I have a table in BigQuery that has specific lat/long locations around the world. I want to be able to join to a table and get the Continent, Country, City and Suburb of that geopoint.
How can I do that?
You need some table with the country data, that describes the countries, cities etc as polygons. Note that this might be complicated depending on your needs - different jurisdictions might have different ideas about country boundaries.
Once you have these - you can join with your data using ST_Intesects
condition, like ST_Intersects(reference_geography, ST_GeogPoint(lon, lat))
(note lon:lat coordinate order, rather than lat:lot frequently used in other contexts).
One such dataset you might use is Open Street Maps data in BigQuery public dataset. Here is how to query a single point:
CREATE TEMP FUNCTION tag_value(tags ARRAY<STRUCT<key STRING, value STRING>>, name STRING)
RETURNS STRING AS (
(SELECT value FROM UNNEST(tags) WHERE key = name)
);
SELECT
tag_value(all_tags, 'admin_level') as admin_level,
tag_value(all_tags, 'name') as name
FROM (
SELECT all_tags
FROM `bigquery-public-data.geo_openstreetmap.planet_features_multipolygons`
WHERE ST_Intersects(geometry, ST_GeogPoint(-122.193476, 47.696147))
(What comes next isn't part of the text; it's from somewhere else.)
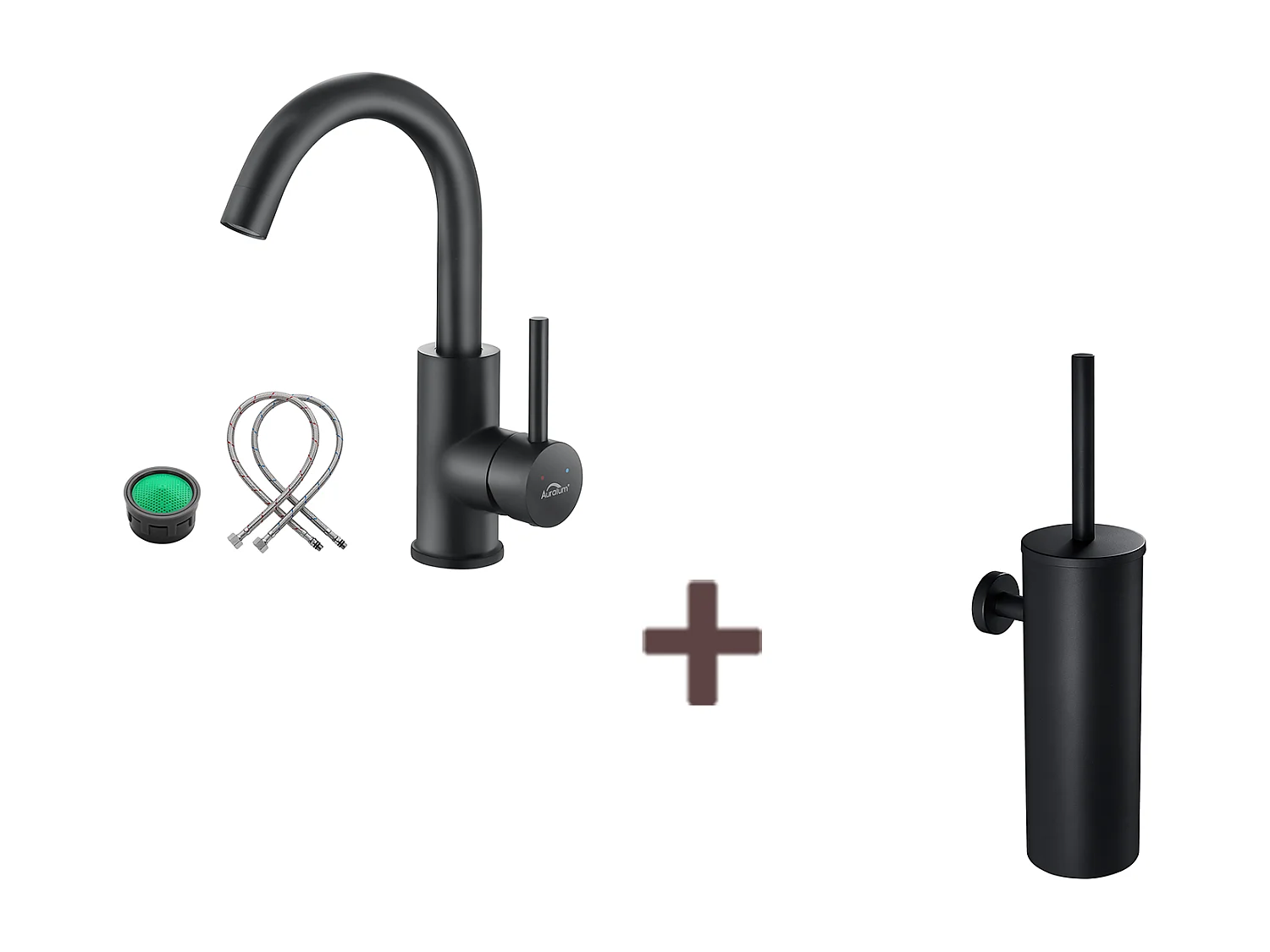 Mitigeur Lavabo,Robinet Salle Bain Noir Rotatif 360°,Aérateur Démotable+Brosse Toilettes WC Suspendu avec Support de Brosse, Acier INOX,Noi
AND tag_value(all_tags, 'admin_level') IS NOT NULL
)
ORDER BY admin_level;
Result:
Row admin_level name
1 2 United States
2 4 Washington
3 6 King County
4 8 Kirkland
Or join with your data
CREATE TEMP FUNCTION tag_value(
tags ARRAY<STRUCT<key STRING, value STRING>>, name STRING)
RETURNS STRING AS (
(SELECT value FROM UNNEST(tags) WHERE key = name)
);
WITH reference_data AS (
SELECT
CAST(tag_value(all_tags, 'admin_level') AS INT64) as admin_level,
tag_value(all_tags, 'name') as name,
geometry
FROM (
SELECT all_tags, geometry
FROM `bigquery-public-data.geo_openstreetmap.planet_features_multipolygons`
WHERE SAFE_CAST(tag_value(all_tags, 'admin_level') AS INT64) IS NOT NULL
)
), my_points AS (
SELECT 1 as id, ST_GeogPOINT(90.3781398, 23.766686606993) as p
UNION ALL
SELECT 2 as id, ST_GeogPOINT(-74.013506, 40.7130162636655) as p
)
SELECT id, admin_level, name
FROM reference_data JOIN my_points
ON ST_Intersects(geometry, p)
ORDER BY id, admin_level;
One current restriction of BigQuery - you cannot use outer join here (e.g. LEFT JOIN) - the performance would be much worse.
id admin_level name
1 2 বাংলাদেশ
1 4 ঢাকা বিভাগ
1 5 ঢাকা জেলা
2 2 United States
2 4 New York
2 5 New York
2 6 New York County
2 7 Manhattan
2 10 Manhattan Community Board 1
Being open source volunteer-maintained data, the quality of OSM dataset varies among locations, so check data before usage.